In 2011, cable network FX, working with Poehler as the producer, purchased a script commitment for the series from Glazer and Jacobson. However, the network did not approve the script and decided not to proceed with development. Glazer and Jacobson then approached Comedy Central, who agreed to purchase the script from FX and order a pilot.

From 2012 to 2014, Glazer co-created the web series Chronic Gamer Girl with Alex Charak.

Reception and renewal 
Broad City made its broadcast television premiere in January 2014 and was received with positive reviews and strong ratings, becoming Comedy Central's highest-rated first season since 2012 among the younger demographics, including adults 18–34, with an average of 1.2 million viewers.

The show has received critical acclaim from fans and critics alike.

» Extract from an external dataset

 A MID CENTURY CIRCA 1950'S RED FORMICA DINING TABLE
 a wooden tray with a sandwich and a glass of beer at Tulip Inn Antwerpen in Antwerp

Review aggregation website Metacritic noted season 1 received "generally favorable reviews", giving it a score of 75 out of 100, based on reviews from 14 critics.

In February 2014, Comedy Central renewed the show for a second season. Season 2 received positive reviews, with Metacritic giving it a score of 89 out of 100, based on reviews from 8 critics, indicating "universal acclaim".

In January 2015, the series was renewed for a third season, which premiered on February 17, 2016. In January 2016, the series was renewed for a fourth and a final fifth season, which premiered on January 24, 2019.

Film
Glazer starred in the 2013 independent feature film How to Follow Strangers. The film won top prize at the Lower East Side Film Festival. She appears in the 2015 film The Night Before. Glazer starred alongside Scarlett Johansson and Kate McKinnon in the 2017 comedy Rough Night. Glazer stars in the horror film False Positive, released on Hulu on June 25, 2021.

Other
Glazer's debut stand-up special The Planet Is Burning premiered on Amazon Prime in January 2020. It was directed by Ryan Cunningham and Glazer served as an executive producer.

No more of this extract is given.